目の、視神経に鞭打つような液晶の、白い光の一点に没入する電脳生活から、緑の森の中で流れゆく雲をながめていたら、というピュアな衝動がぼくの心身を突き抜けていくらしい。脱か、卒か、どちらでもよいのだが、超高速で遠大なデジタルの世界から少し離れて、落ち葉を踏む黒土のぼくの森へ。還暦のせいなのだろうか、3・11のショックが尾を引いているのだろうか。


 日光の森


 これから伐採をじっくり


ぼくの森、そう、ぼくが日光に所有する約1500坪あまりの山林で、その大半が樹齢50年を超える杉林だ。その杉林を自然の森によみがえさせられないだろうか、と夢がふくらむ。山小屋やデッキ、それに薪小屋があればいいね、伐採した杉の樹を薪にすれば、ストーブとか、かまどの燃料に役立つ自然のエネルギーだ。薪割りに大ナタをふりおろせば、このなまった体を鍛え直すことができそうだ。森の中での作業だから、ストレスはないし免疫力はグーンとアップするはずだ。


この山林をどうやって森にしようか、そんなことを考えながら、紅葉真っ盛りの日光にあしげく通った。おびただしい落ち葉、杉の小枝、針のような葉で地面は、歩くのもままならないほどふかふかだ。葉っぱの下は、真っ黒な山土だ。岩が転がる渓流に日が射すと、野鳥が囀りながら現れて飛び去った。ここは野鳥の宝庫でもある。こんな山林があったとは驚きだ。


この薄暗い杉林を風が通る豊かなEMの森にできないだろうか、と相談したら、東照宮の杉並木の樹勢回復を長年試みている(株)EM生活の若い伊藤学さんが、知人の川原武美さんを伴って4トントラックで乗り付けた。伊藤さんが土をひとつまみつかんで鼻先に近づけると、肥沃で微生物が豊かな黒土ですね、と言った。落ち葉が積もって質の良い腐葉土となっているらしい。


荷台のタンクからポンプを使ってホースを引き込み、EM活性液を山の上から斜面に向けて撒いた。なんだか清々しい空気に一変した。放射能の除染の効果も期待したい。やがてこの地方特有の男体おろしが吹いたら、厳しい冬の訪れだ。このEM散布は来年春から続けることになる。


この伊藤さんは得難い人でした。かつて信州・上田の森林組合に従事していた経験があり、間伐など山の手入れに詳しい森のソムリエのような存在だ。うれしいよね。こんな風に、山好きが続々と集まってくる。
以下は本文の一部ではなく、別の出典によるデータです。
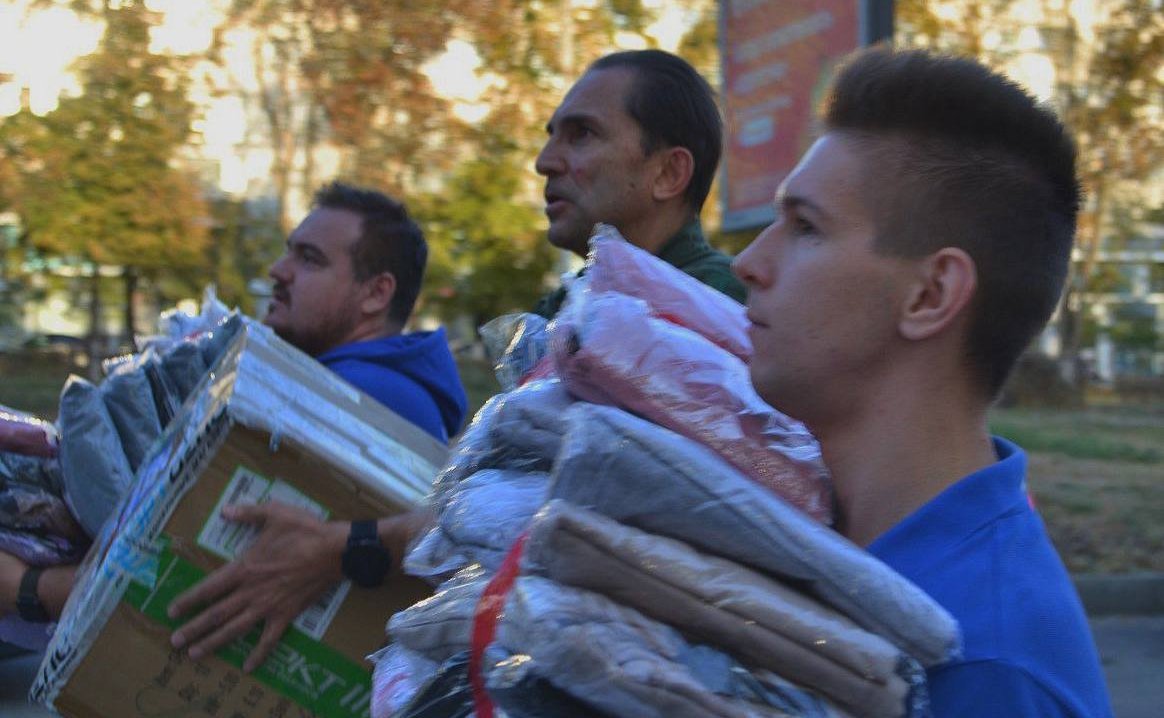 Андрей Хапочкин доставил гуманитарную помощь, собранную сахалинцами, в пункты временного размещения Курской и Белгородской областей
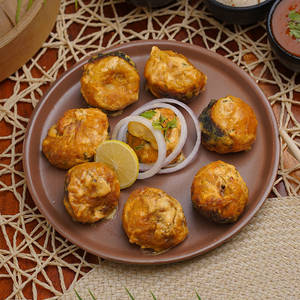Veg Afghani Momos (8 Pcs)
数日後、東照宮の林務部に40年務める山の管理のベテランの渡森さんが、どれどれ、みせてみんなよ、って親しみを込めた栃木弁でいう。晴れた日に案内した。すっと立っているように見えても枯れた木、あるいはやがて枯れる木がひと目でわかるらしい。つるが這って巨木にからんで木が苦しみ抜いているようだ。あれを、これをと伐採する木を指示してくれた。これはいい木だ、憶えきれないと知ると、今度、目印をつけてやっから、とぶっきら棒に言って、いい森になるわ、と杉林を眺めまわしていた。お墨付きをいただいたようでうれしかった。



 森の助っ人、左から川原さん、伊藤さん、岡田さん

その翌日、今度は、日光の自然を守る会の事務局長で、さくら博士、故・久保田秀夫さんに師事した山下正和さんが、ぼくの森に入った。山下さんは、ぼくより5〜6歳先輩だが身のこなしが若々しい。山林の間伐を手伝ってくれるという。


軽トラックの荷台からチェンソーとナタを手にすると、颯爽と山に入った。ひと通り周辺を見回してから、思い立ったようにチェンソーのエンジン音を高鳴らせた。倒れた杉の巨木の枝を払うため崖ギリギリのところで作業を続けた。藤の木のつるが、杉の幹にグルグルと巻いて先端にまで這っていた。どんな巨木でも絡まったら最後、絡まった木が倒れるまで執拗につるを伸ばしていく。大蛇みたいな藤の木もあった。



 午前中は、下流から日が差し込む。
 せせらぎの音に野鳥の声


 森の入口にシンボルのケヤキ


 大蛇みたいに絡む藤の木


 腐葉土、ゆたかな黒土


 森の管理のベテラン、渡森さん


さすがの山下さんも手こずったのか、チェンソーが杉の幹に挟まってしまった。すると、軽トラックに戻ってもう一台、やや大型のチェンソーを持ち込んだ。二台のチェンソーを器用に動かしながら、陰っていた周辺をスカッと開いた瞬間、風と光が入ってきた。


遠望の丘、と名付けようか。これで明るくなったでしょう、見晴らしがよくなった。初夏には薄紫の藤の花が天から降ってくるように咲くよ、この山ツツジが崖を縁取るように咲くのもその頃でしょう、と山下さんが目を細めてた。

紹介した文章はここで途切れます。